* Data to process
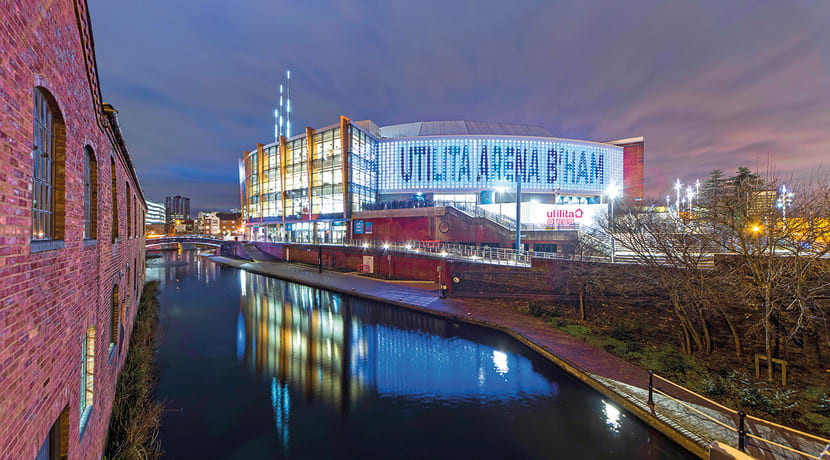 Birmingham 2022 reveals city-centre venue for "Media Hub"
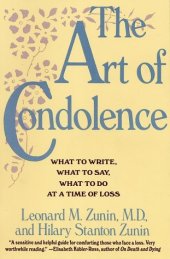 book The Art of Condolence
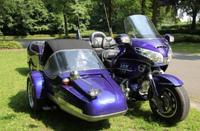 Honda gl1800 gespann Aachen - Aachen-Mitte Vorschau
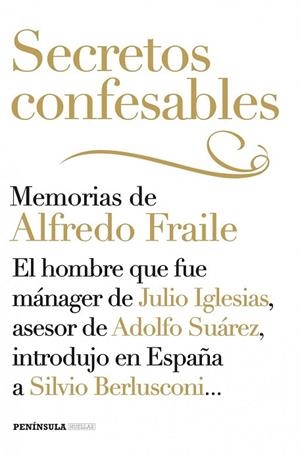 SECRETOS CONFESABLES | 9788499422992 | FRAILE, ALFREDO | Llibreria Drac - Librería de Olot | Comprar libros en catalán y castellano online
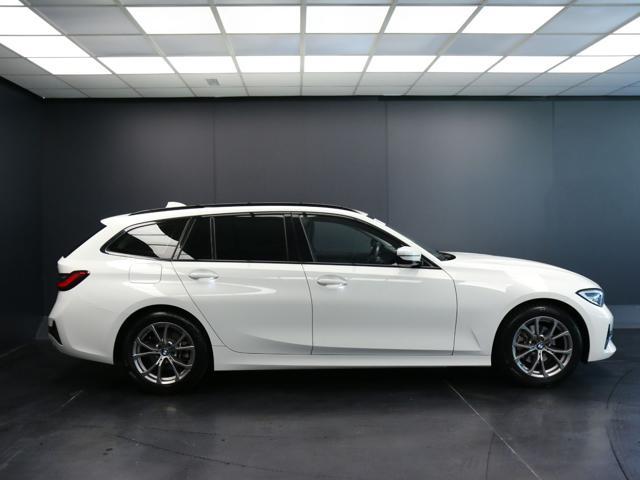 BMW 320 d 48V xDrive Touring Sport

...

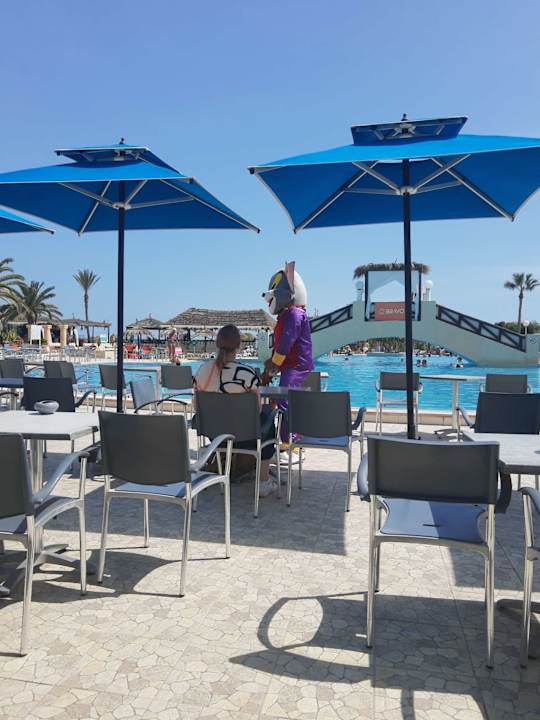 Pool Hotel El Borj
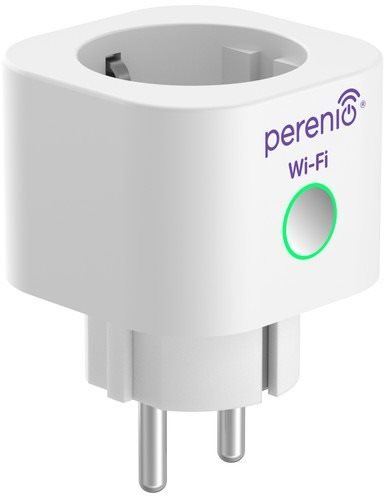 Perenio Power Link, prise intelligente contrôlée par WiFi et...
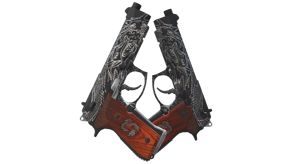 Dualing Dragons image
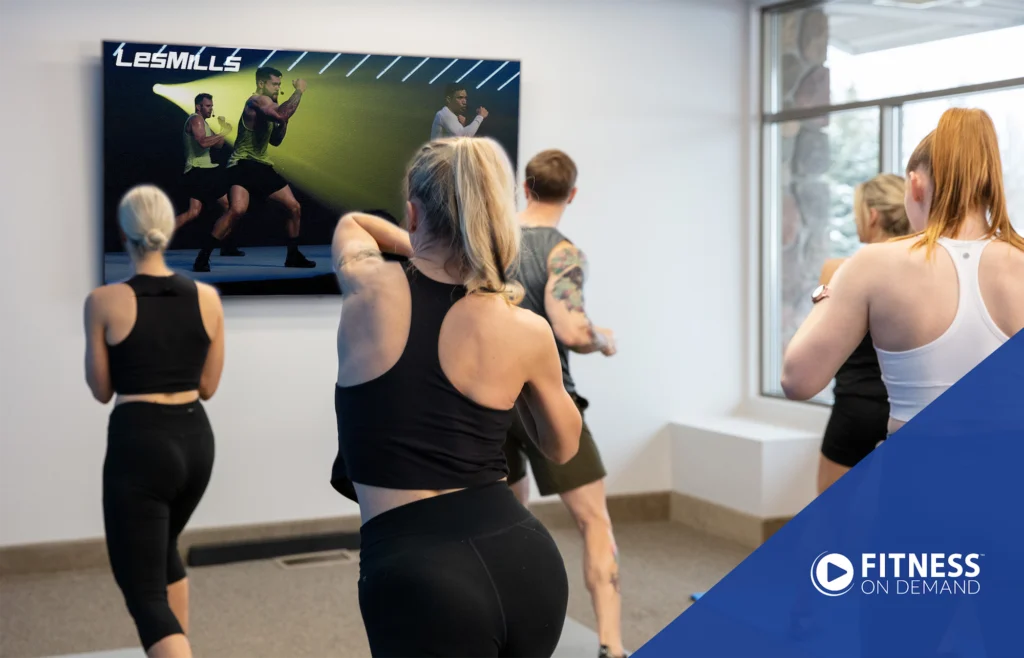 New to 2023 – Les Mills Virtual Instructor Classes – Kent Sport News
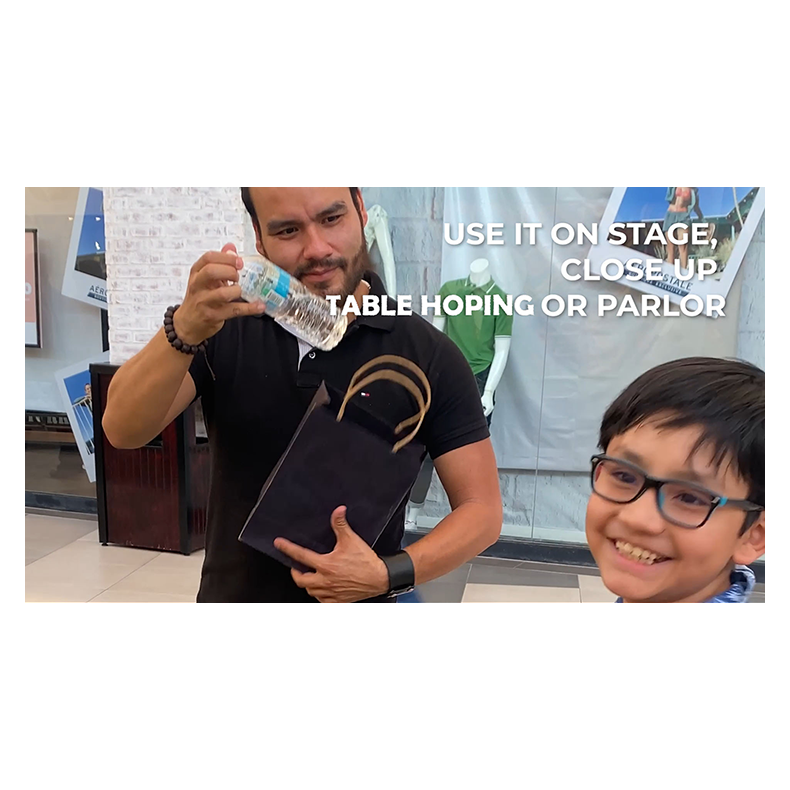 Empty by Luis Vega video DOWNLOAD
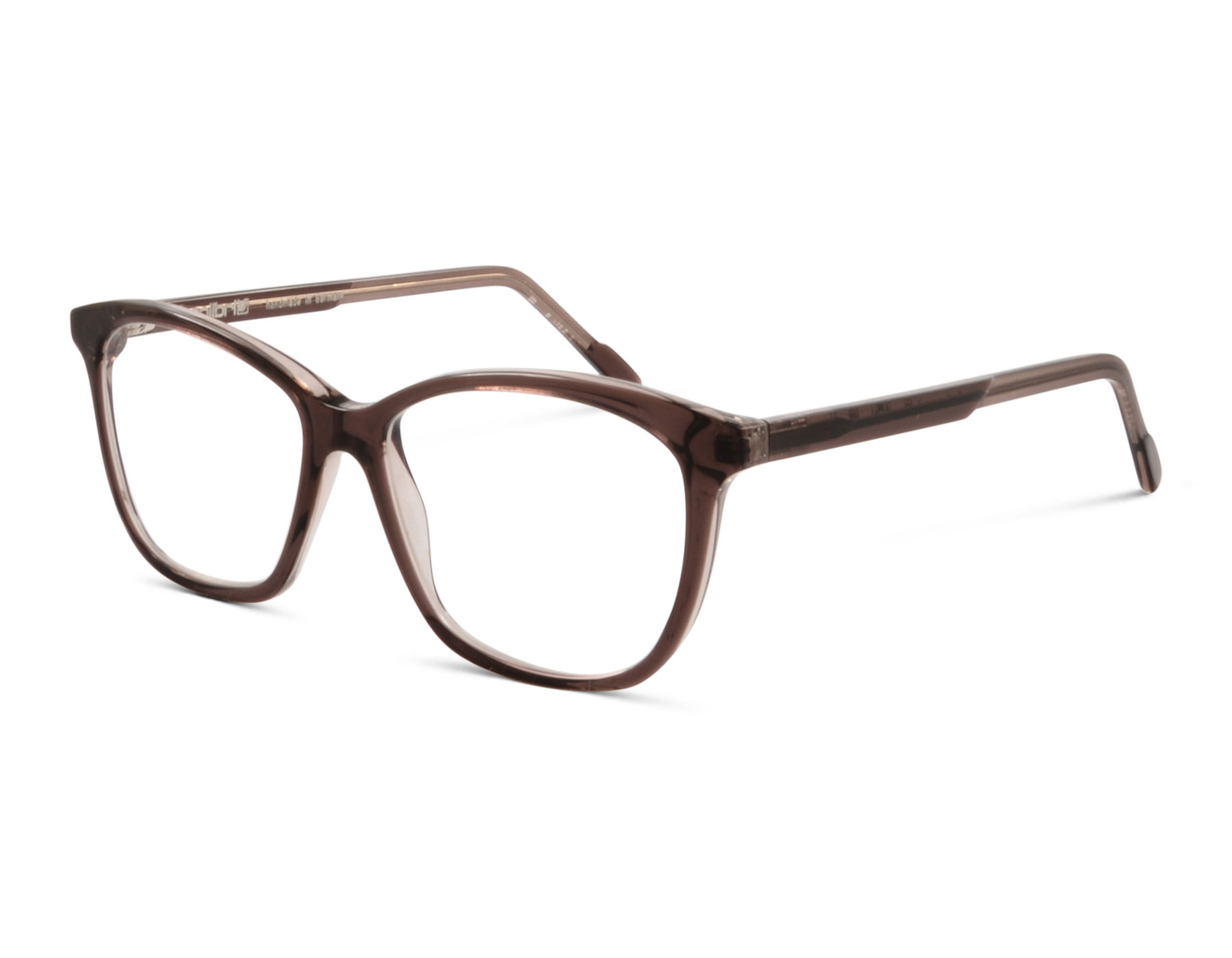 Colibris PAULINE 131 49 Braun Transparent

--

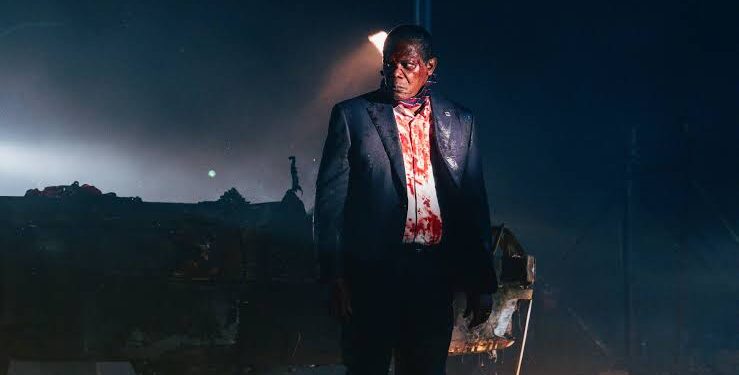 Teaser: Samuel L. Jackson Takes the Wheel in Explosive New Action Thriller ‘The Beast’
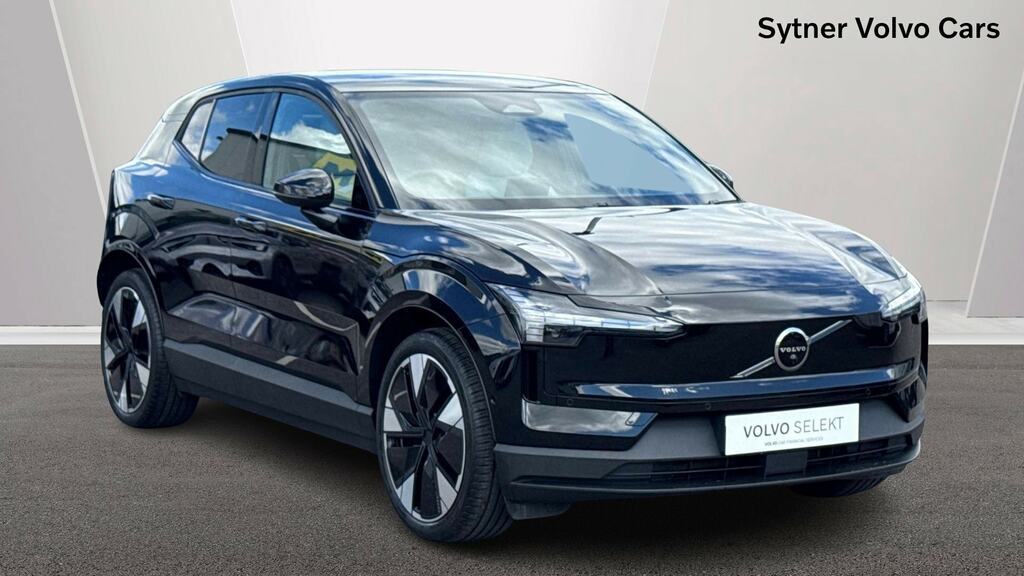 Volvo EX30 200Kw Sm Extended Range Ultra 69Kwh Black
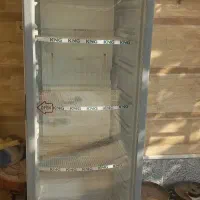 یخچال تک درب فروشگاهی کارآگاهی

* Exercise requirements
In the records above, everything from the line with "Dualing Dragons image" down to the line with "Colibris PAULINE 131 49 Braun Transparent" must be duplicated exactly, both lines kept. Leave no pictures in.

* Solution to the problem
 Dualing Dragons image
 New to 2023 – Les Mills Virtual Instructor Classes – Kent Sport News
 Empty by Luis Vega video DOWNLOAD
 Colibris PAULINE 131 49 Braun Transparent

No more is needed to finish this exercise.